> [INFORMATION SHOWN]:

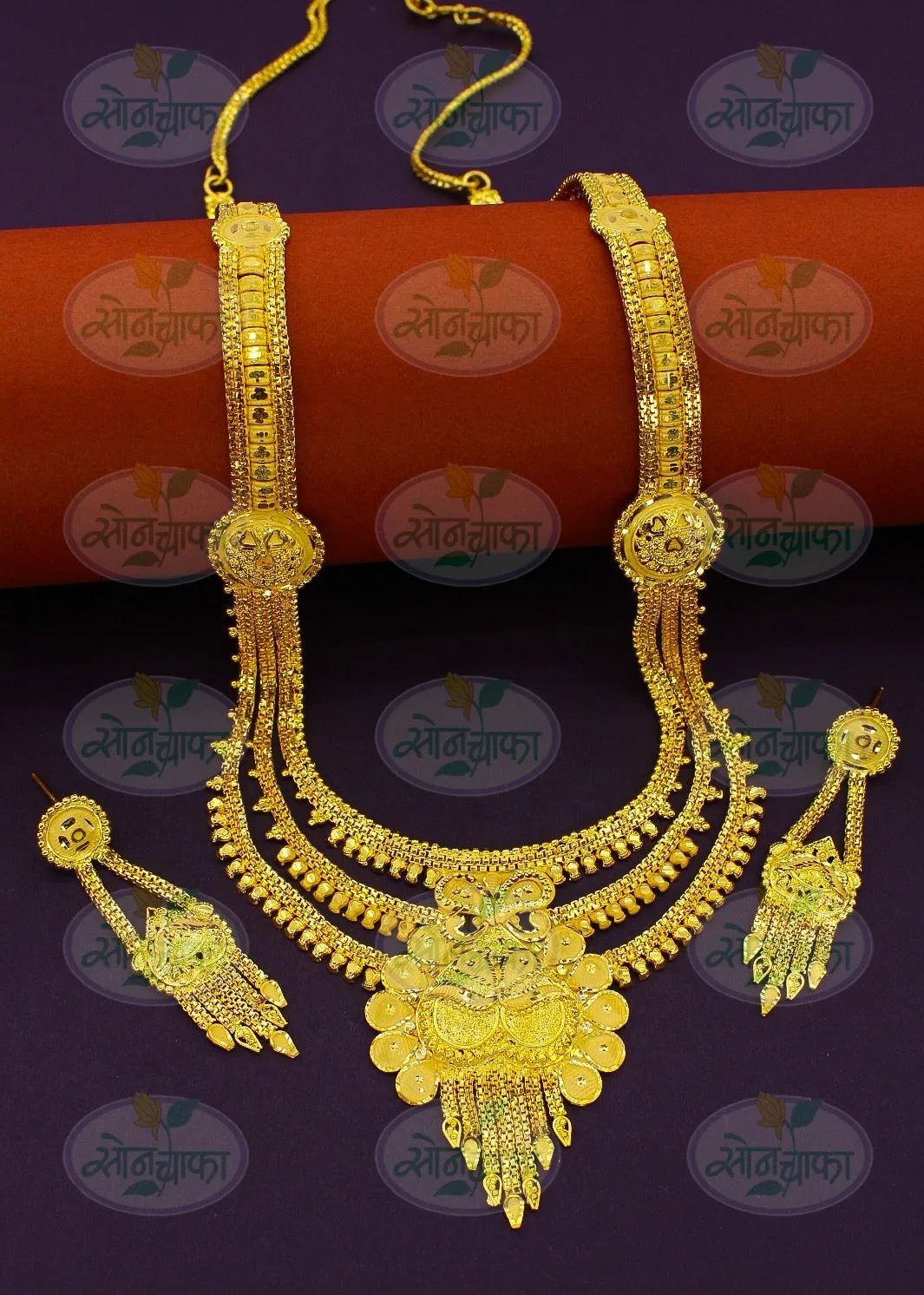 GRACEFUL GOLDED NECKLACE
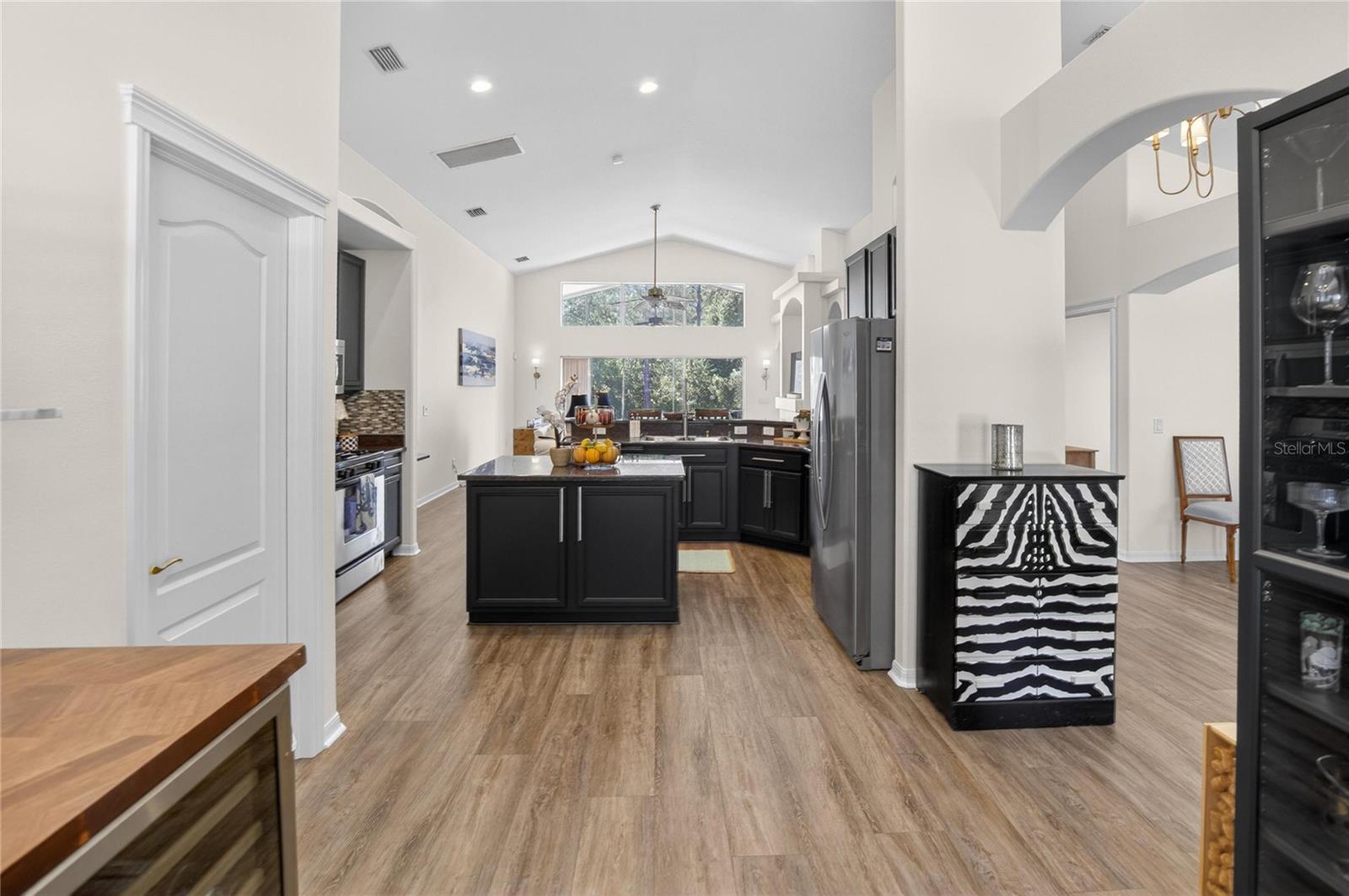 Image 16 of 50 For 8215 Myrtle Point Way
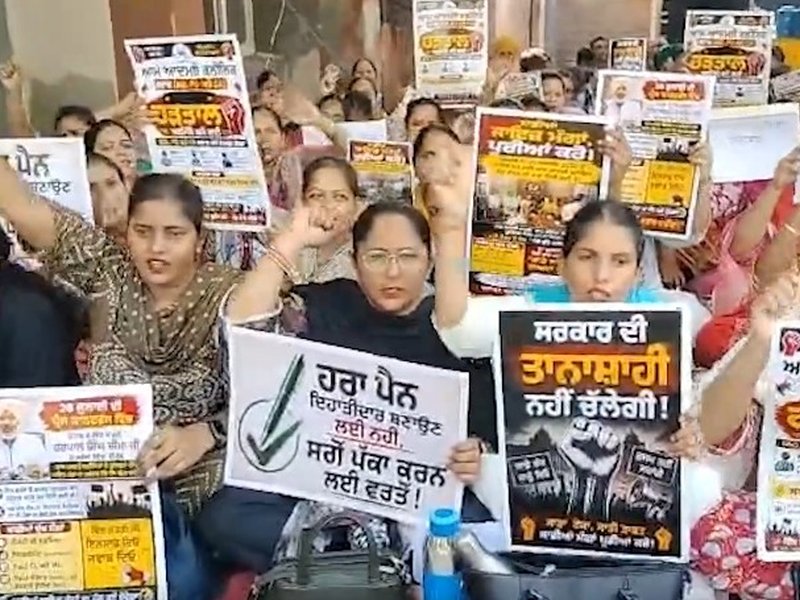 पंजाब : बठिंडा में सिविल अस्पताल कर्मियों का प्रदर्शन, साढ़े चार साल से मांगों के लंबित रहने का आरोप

> [INSTRUCTIONS TO FOLLOW]:
What you give back should be exactly the lines from the line holding "Image 16 of 50 For 8215 Myrtle Point Way" through the final line of the material, both ends included, and please leave out the pictures.

> [RESPONSE]:
 Image 16 of 50 For 8215 Myrtle Point Way
 पंजाब : बठिंडा में सिविल अस्पताल कर्मियों का प्रदर्शन, साढ़े चार साल से मांगों के लंबित रहने का आरोप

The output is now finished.